▶ [What the exercise asks] Please, without any pictures, set down exactly the part of the listing below that opens with the line containing "Eine vertikale Aufnahme" and closes with the line containing "Tall grass prairie".

▶ [Data]
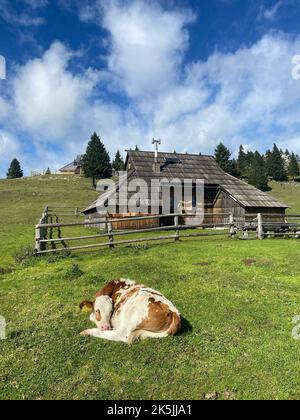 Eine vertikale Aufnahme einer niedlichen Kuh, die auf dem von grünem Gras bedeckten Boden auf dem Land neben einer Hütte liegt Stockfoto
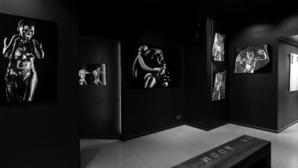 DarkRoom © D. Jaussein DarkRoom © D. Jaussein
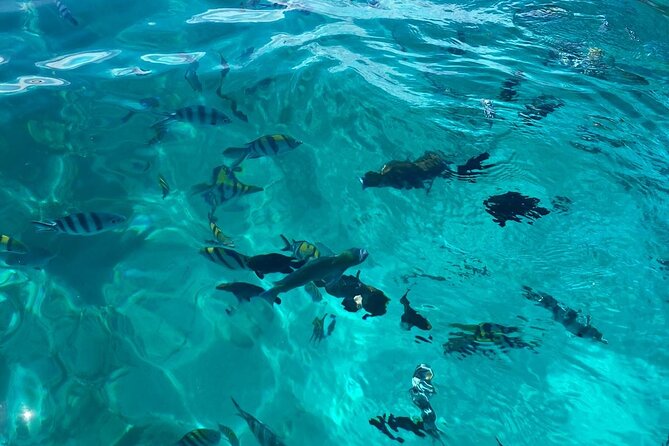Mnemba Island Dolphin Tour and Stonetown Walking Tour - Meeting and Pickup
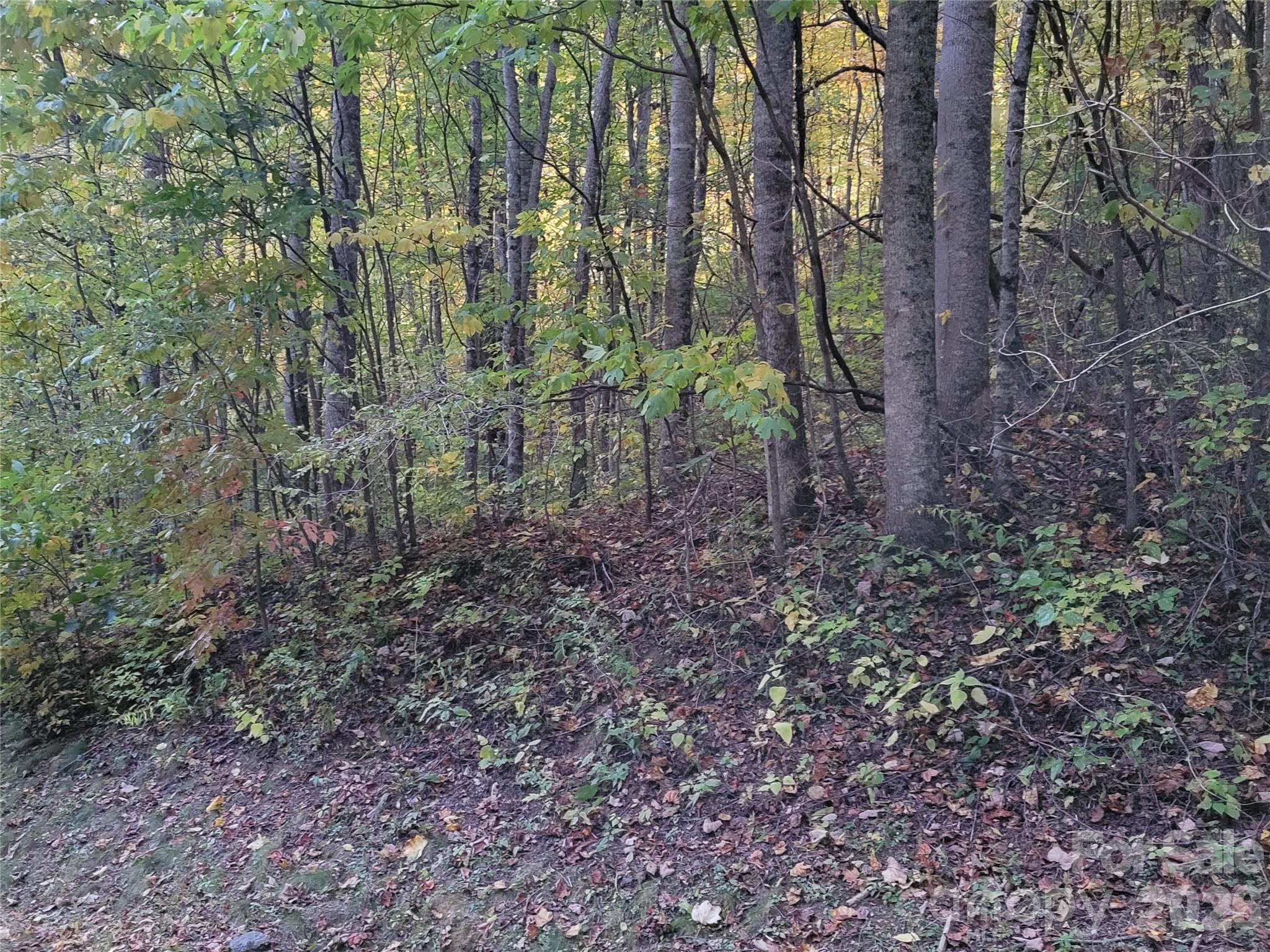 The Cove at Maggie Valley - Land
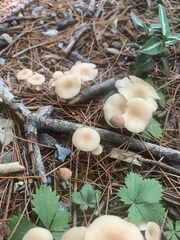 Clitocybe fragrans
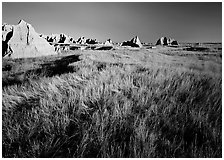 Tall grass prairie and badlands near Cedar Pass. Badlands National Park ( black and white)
* * *
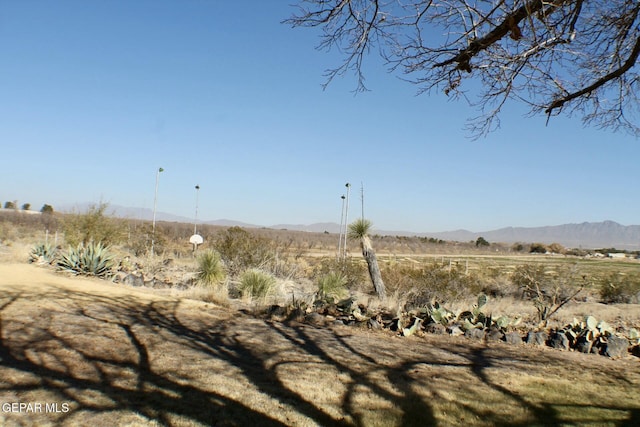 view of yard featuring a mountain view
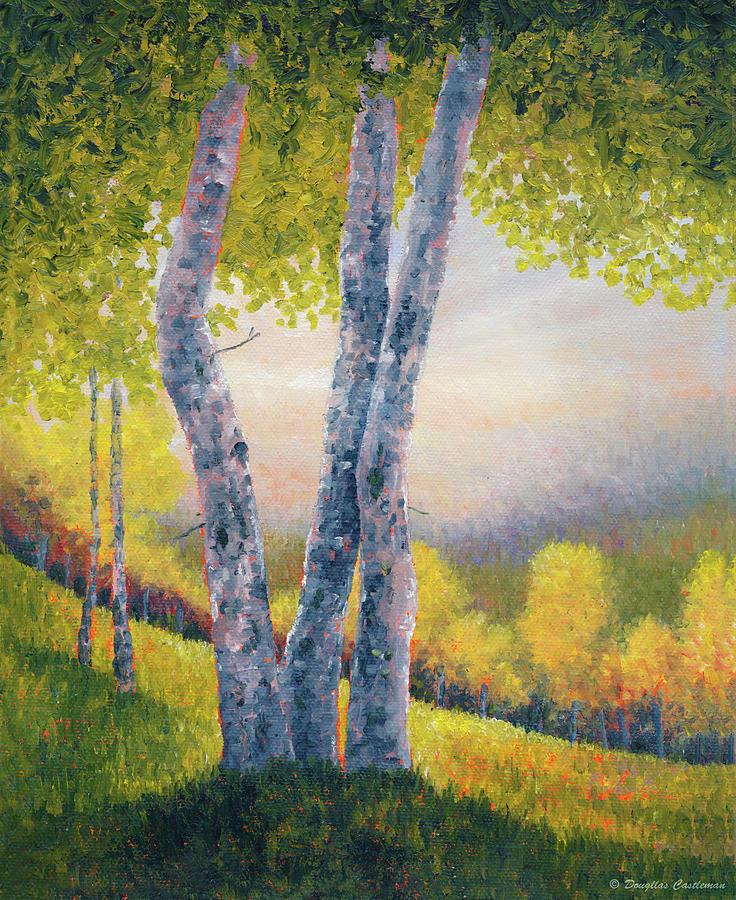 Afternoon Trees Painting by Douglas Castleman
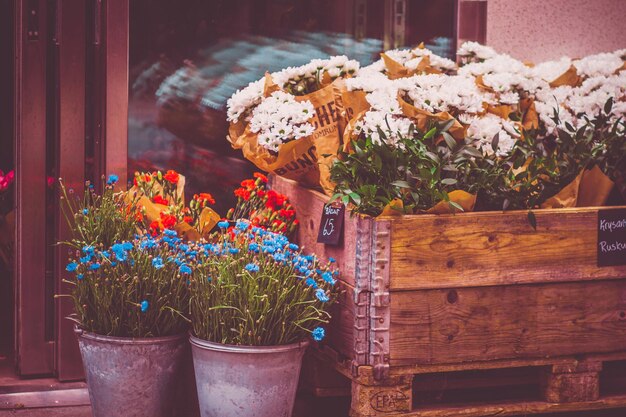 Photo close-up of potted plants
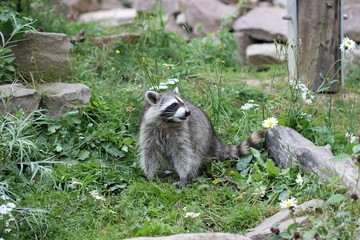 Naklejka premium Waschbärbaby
* * *
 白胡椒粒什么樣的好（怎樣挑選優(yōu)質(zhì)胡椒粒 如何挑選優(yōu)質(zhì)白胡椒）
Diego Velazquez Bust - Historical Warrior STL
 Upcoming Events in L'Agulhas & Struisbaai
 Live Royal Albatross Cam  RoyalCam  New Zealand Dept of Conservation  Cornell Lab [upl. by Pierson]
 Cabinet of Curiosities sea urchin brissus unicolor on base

▶ [Response below]
 Eine vertikale Aufnahme einer niedlichen Kuh, die auf dem von grünem Gras bedeckten Boden auf dem Land neben einer Hütte liegt Stockfoto
 DarkRoom © D. Jaussein DarkRoom © D. Jaussein
Mnemba Island Dolphin Tour and Stonetown Walking Tour - Meeting and Pickup
 The Cove at Maggie Valley - Land
 Clitocybe fragrans
 Tall grass prairie and badlands near Cedar Pass. Badlands National Park ( black and white)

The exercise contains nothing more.